* _Your goal_:
Please restate the data that follows word for word, with the pictures left out.

* _Data provided_:
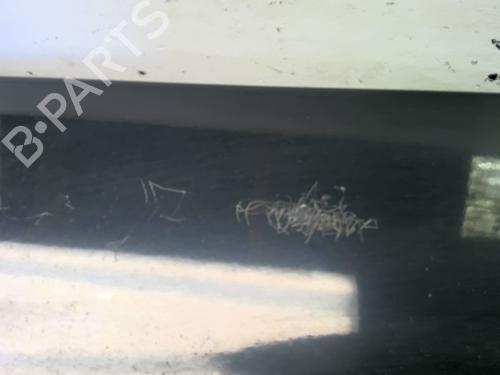 Tailgate SAAB 9-3 Estate (E50) 1.9 TiD | BP27870118C6 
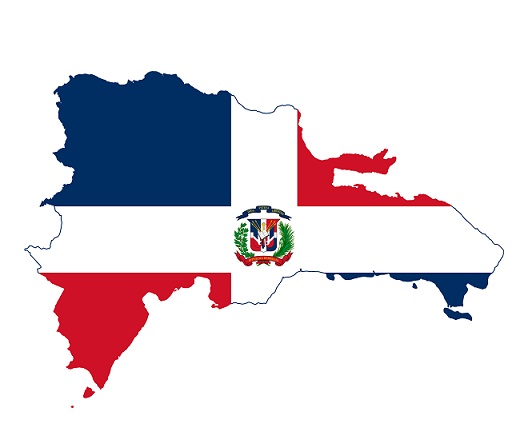 Dominikanische Republik versucht, den Tourismus durch Baseball zu steigern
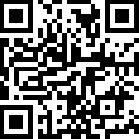 人人视频app2025最新版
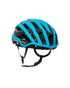 Kask Valegro - Light Blue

* _Written solution_:
 Tailgate SAAB 9-3 Estate (E50) 1.9 TiD | BP27870118C6 
 Dominikanische Republik versucht, den Tourismus durch Baseball zu steigern
 人人视频app2025最新版
 Kask Valegro - Light Blue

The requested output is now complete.